#### [Problem to solve]
A faithful copy of the listing below is needed, with its pictures left out.

*** Provided data Section Begins ***

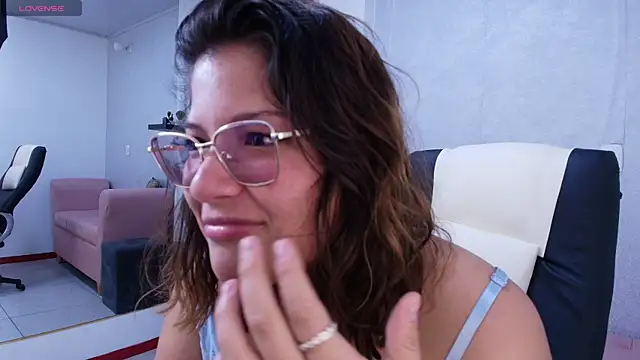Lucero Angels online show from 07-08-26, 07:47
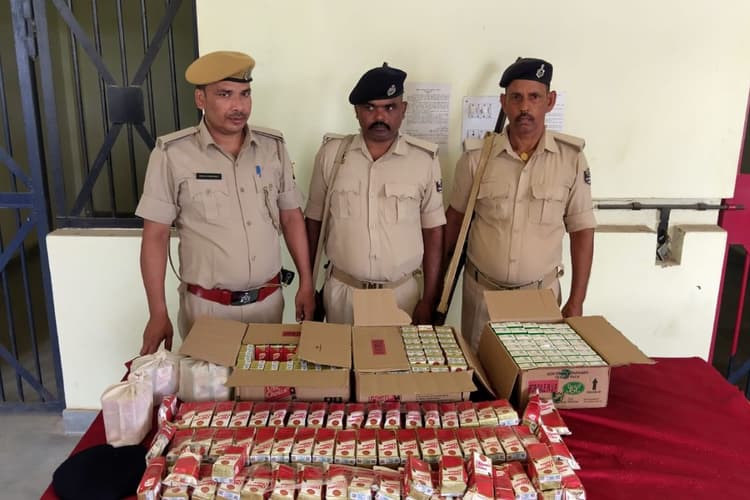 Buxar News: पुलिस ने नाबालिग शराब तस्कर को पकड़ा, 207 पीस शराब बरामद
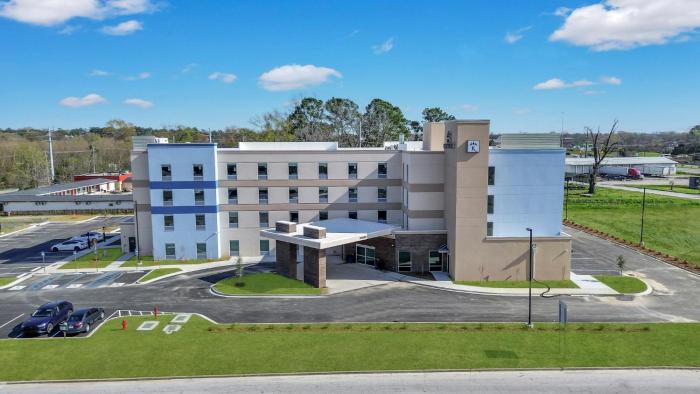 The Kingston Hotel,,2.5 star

*** Provided data Section Ends ***

#### [Your response]
Lucero Angels online show from 07-08-26, 07:47
 Buxar News: पुलिस ने नाबालिग शराब तस्कर को पकड़ा, 207 पीस शराब बरामद
 The Kingston Hotel,,2.5 star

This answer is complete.